Jules Lemaître est entré à
l'Académie française
en 1895. (Ph. B. / G.-F.).
L'Ennemi
« Monsieur,
dit Pierre Corneille, je vois que vous avez
le goût bon.
- Monsieur, reprit
le jeune homme, si je juge sévèrement le théâtre
de M. Racine, c'est que la vérité
m'y pousse. Il est certain qu'il n'a fait qu'affaiblir et dégrader
la tragédie que vous aviez portée si haut. »
-- Monsieur, je me
récuse sur ce dernier point. Mais j'avoue que je ne puis supporter
non plus que vous ce doux et ce tendre par où il plaît aux
femmes et aux jeunes gens, et que cela m'a toujours paru du dernier fade.
- Monsieur, il est
vrai que cela fait lever le coeur.
- Et ce qui me chagrine
encore plus, monsieur, c'est de voir, dans ses tragédies, les plus
nobles et les plus mâles passions sacrifiées à un amour
désordonné et qui va jusqu'au bout de sa folie : en sorte
que, lorsqu'il n'est pas langoureux, il est homicide et criminel.
- Il est vrai, monsieur,
que cela est fait pour scandaliser tous les esprits honnêtes.
- Et je ne parle
pas, monsieur, des fautes que commet continuellement M. Racine contre la
vraisemblance des moeurs ou contre la vérité de l'histoire,
comme dans ce Bajazet où il n'y a pas un personnage qui ait
les sentiments qu'on a à Constantinople et qui ne soit un Français
sous l'habit turc, ou comme dans ce Britannicus où l'auteur
fait vivre Britannicus et Narcisse deux ans de plus qu'ils n'ont vécu.
- Il est vrai, Monsieur,
que cela ne se peut supporter.
- Croyez bien, Monsieur,
que je n'en parle point par envie.
- Personne, Monsieur,
ne vous soupçonnera d'un sentiment que vous interdisent également
votre gloire et la sublimité de vos ouvrages.
- Et je n'en parle
pas non plus, Monsieur, par rancune et ressouvenir des offenses.

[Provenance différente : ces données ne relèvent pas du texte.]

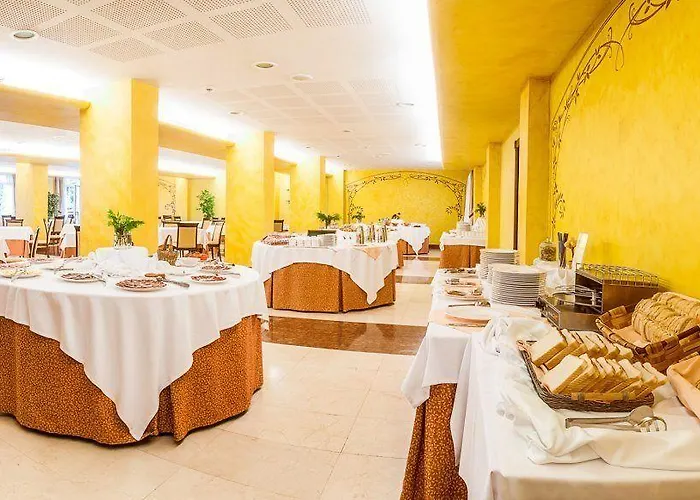 Hotel Silken La Hacienda De Don Juan 4*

Il y a
huit ou dix ans, M. Racine me vint lire son Alexandre. Il était
joli homme, trop joli, et avait l'air d'une petite-maîtresse. J'eus
la bonté de lui dire qu'il me paraissait assez bien doué
pour la poésie, mais j'ajoutai qu'il l'était peu pour le
théâtre; et je le pense encore. Il ne me pardonna point ce
jugement sincère et vous savez peut-être de quelles injures
il m'accabla dans la préface de son Britannicus. Vous pensez
bien, Monsieur, que je les dédaignai fort.
- Monsieur, elles
ne sauraient vous atteindre. Je vous confesse, d'ailleurs, que je n'ai
point lu ce méchant morceau.
- Monsieur, je suis
ravi de notre conversation. Je goûte on ne peut plus la justesse
et l'élévation de votre esprit.
- Monsieur, me permettrez-vous
de revenir demain et d'entretenir encore Mademoiselle votre nièce?
- Sans nulle difficulté,
Monsieur. Je sais vos sentiments pour elle et n'ignore point vos intentions.
Je crois qu'elle en est touchée. Et je puis vous confier que mon
frère, que j'en ai averti, voit votre projet d'un fort bon oeil.
Je vous prie, monsieur, de vous considérer ici comme chez vous.
- Monsieur, je ne
sais comment vous remercier...
- A demain donc,
Monsieur.
- Monsieur, je suis
votre humble serviteur.
(J.
Lemaître, extrait de La Vieillesse d'Hélène).